This is unknown territory for the B2L market - landlords will be changing their plans and we need to help them

Landlords need to secure the financial clarity and resilience needed to weather this new regulatory era, while at the same time pushing to grow - if they don’t then the country’s rental market will be in trouble according to Ryan Etchells at Together

Related topics:  Buy to Let,  Blogs
Ryan Etchells | Chief Commercial Officer, Together
9th June 2026
Ryan Etchells

In a post-Renter’s Rights Act world, there’s been plenty of speculation over what the long-term outcomes will be for renters. But the better question to ask might be how the act changes the rental market as a whole. The immediate benefits for the country’s renters are there to see in the legislation, but the jury’s out on whether, in five year’s time for example, the picture will be so rosy. 

Fundamentally, it comes down to a question over housing stock - if there’s not enough to go around on the rental market then the benefits of the Act will be undone by the pressure on prices. We’re still in a period where we need to closely assess how the Act changes the market, and the group to look at - perhaps unexpectedly - are the landlords with larger portfolios. 

With many smaller landlords either selling off their properties or planning to - choosing to forego the extra legislative burdens which come hand-in-hand with the Act, alarm bells should be ringing. While some of these properties will go to other landlords, keeping them within the rental ecosystem, many others will not. That’s an immediate loss of a considerable number of properties which were previously being rented out. 

The widely held assumption in the industry is that the slack will be picked up by professional landlords - those with larger portfolios and more appetite to expand. This would suit a narrative which has been bubbling in the industry for some time - the shift to professionalisation and the end of the small landlord. Indeed, the number of buy-to-let corporations has soared in recent years. However with all the recent changes in legislation, this narrative may need to be questioned. 

For one, we’re certainly not seeing any current voracious appetite for expansion among professional landlords. The general feeling appears to be that large landlords are waiting to assess exactly how their portfolios are being affected by the Renter’s Rights Act, and looking to consolidate their current portfolios.

Instead of looking to expand, we’re seeing large-portfolio landlords assessing the structure of their portfolios, how the finances are holding up, and thinking about how to carve a path to growth under the new rules and with a more challenging economy. The restructuring of portfolios allows landlords to reposition themselves to potentially push for expansion when the shape of the legislative landscape and wider market are clearer. 
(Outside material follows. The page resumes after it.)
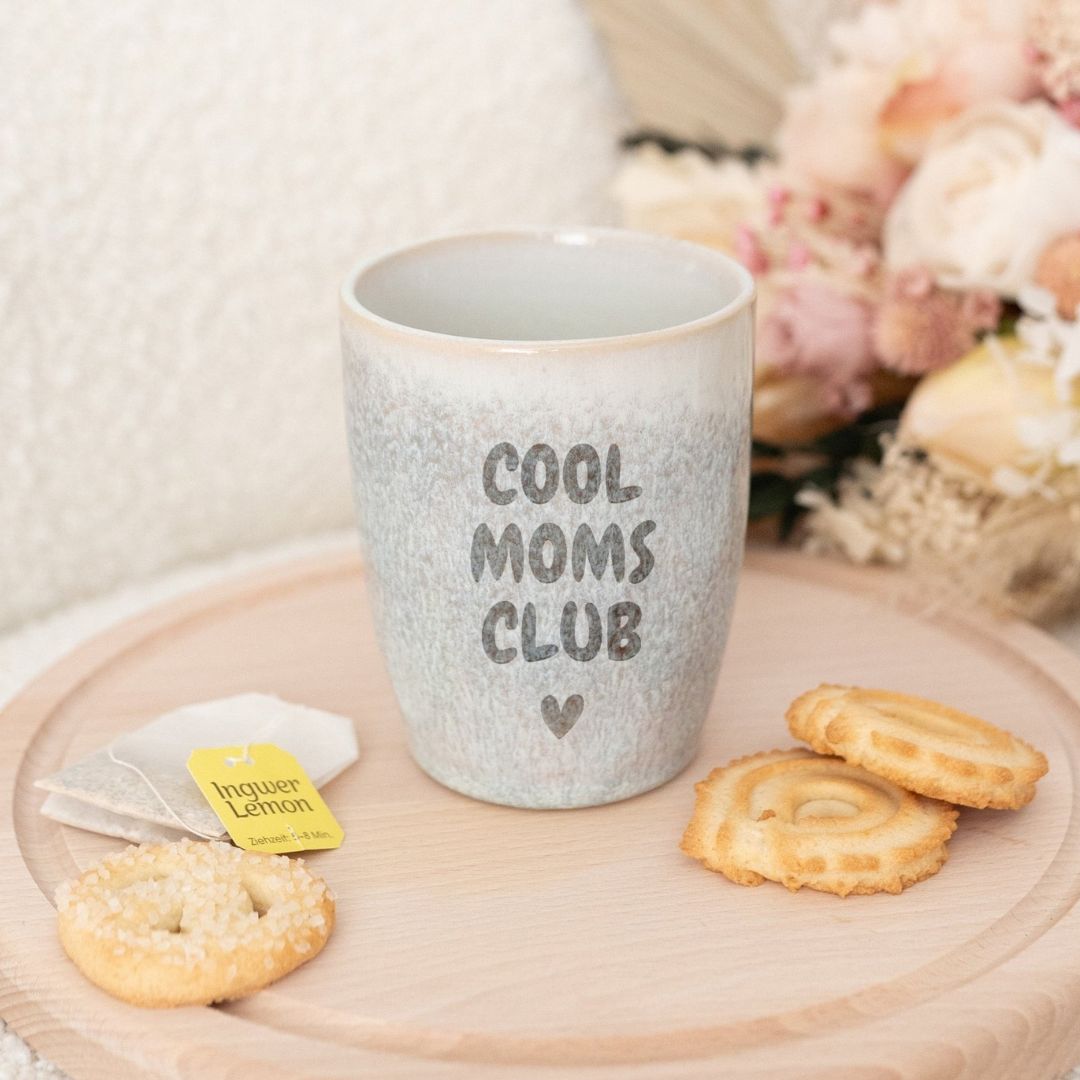 Steingut Becher - Moms Club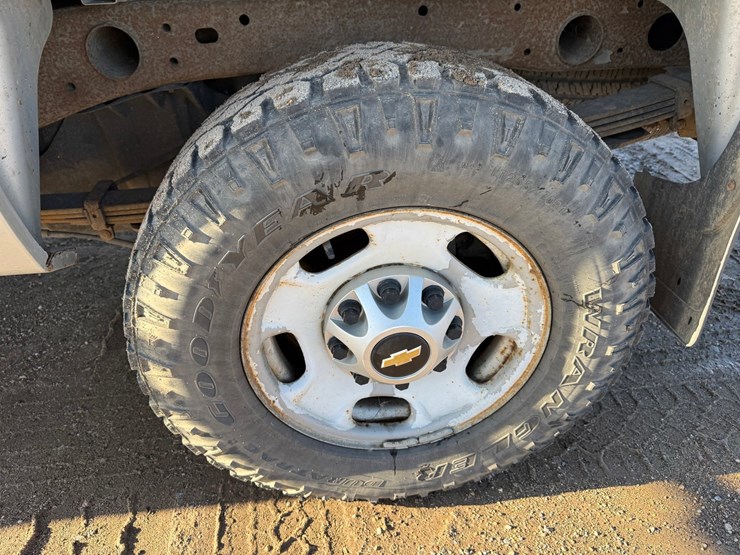 2014-chevrolet-2500-image-60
A problem faced by many landlords at the moment is fragmented borrowing, where multiple loans across different properties, often involving different lenders, renewal dates and criteria sets are seriously limiting flexibility. Having multiple rate positions can be a serious disadvantage and make profit calculations tricky.

With the rental market’s need to maintain a healthy stock of properties, it’s important that - following this period of consolidation - buy-to-let landlords are positioned to expand. Given that it is a critical time, they need to be aware of the options available to them. Multi property portfolio propositions for example offer an option for landlords to consolidate their existing financial arrangements across a number of properties into one monthly payment, giving greater clarity to their portfolio position.

Consolidating loans, and releasing equity for investment are what’s needed to keep the rental market going, but ultimately, navigating this new buy-to-let landscape requires a delicate balancing act from large-portfolio landlords. They need to secure the financial clarity and resilience needed to weather this new regulatory era, while at the same time pushing to grow - if they don’t then the country’s rental market will be in trouble.